Muon Spin Relaxation Studies of RFeAsO and MFe$_2$As$_2$ Based Compounds

Muon spin relaxation measurements of a variety of iron pnictide systems have revealed commensurate long range magnetic order in the parent compounds which can change to incommensurate order with carrier doping. Magnetic order gives way to superconductivity with increased doping; however there are regions of the phase diagrams where the two phenomena co-exist.

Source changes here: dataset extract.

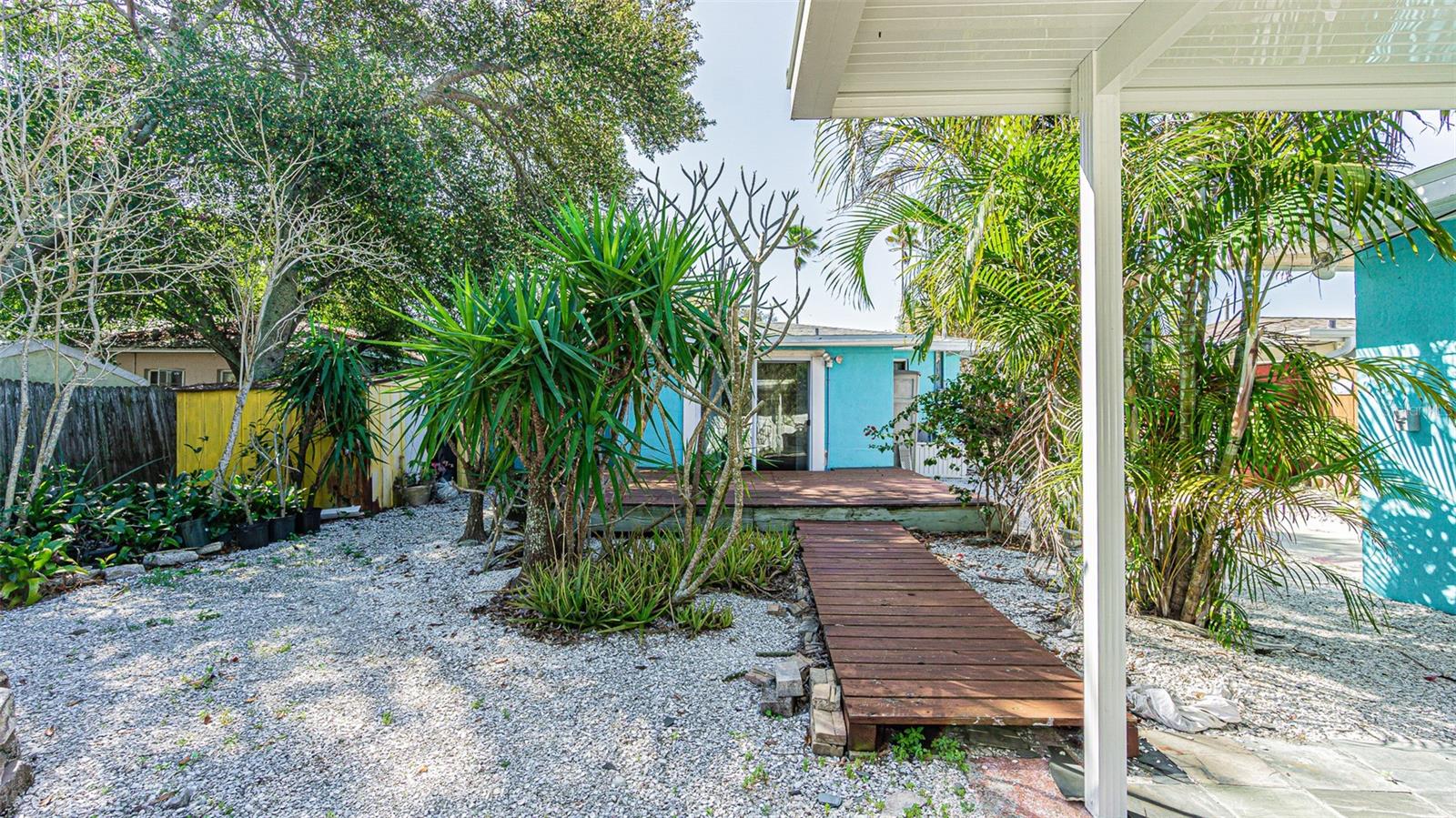 1024 APACHE TRL, CLEARWATER, FL, 33755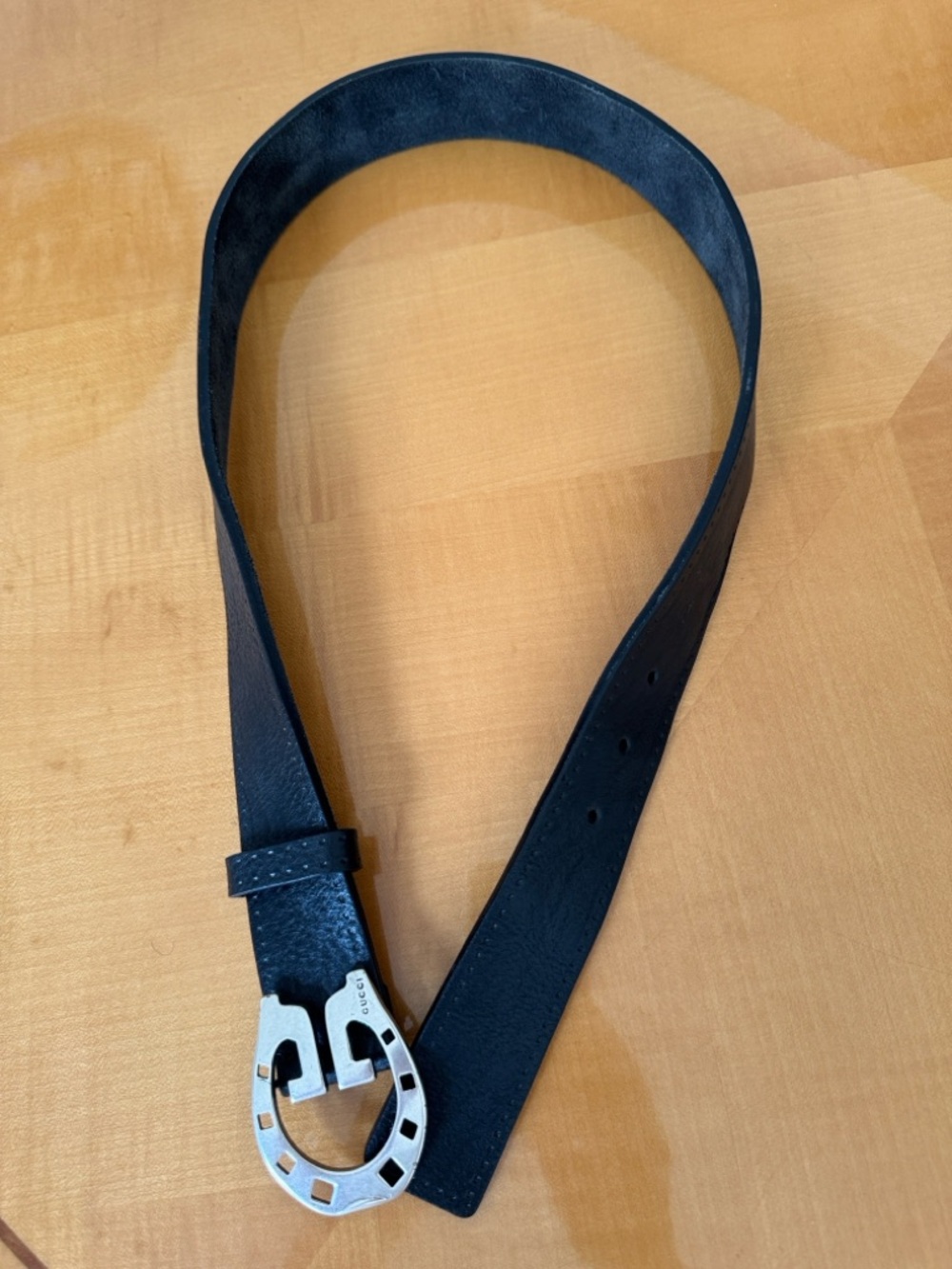 GUCCi Black Leather Belt with Silver Horsehoe Buckle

In the case of Ba$_{1-x}$K$_x$Fe$_2$As$_2$ there is phase separation into superconducting and magnetic domains, whereas in Ba(Fe$_{1-x}$Co$_x$)$_2$As$_2$ the coexistence is apparently microscopic for $x=0.035\rightarrow0.048$. Transverse field muon spin rotation measurements of single crystal Ba(Fe$_{1-x}$Co$_x$)$_2$ and Sr(Fe$_{1-x}$Co$_x$)$_2$ exhibit an Abrikosov vortex lattice from which we are able to determine the magnetic field penetration depth and Ginzburg-Landau parameter. The temperature variation of the superfluid density is well described by a two-gap model. In Ba(Fe$_{1-x}$Co$_x$)$_2$As$_2$, both the superconducting T$_C$ and the superfluid density decrease with increasing doping above $x=0.06$; in all of the pnictides we find that the superfluid density obeys the same nearly linear scaling with T$_C$ as found in the cuprates.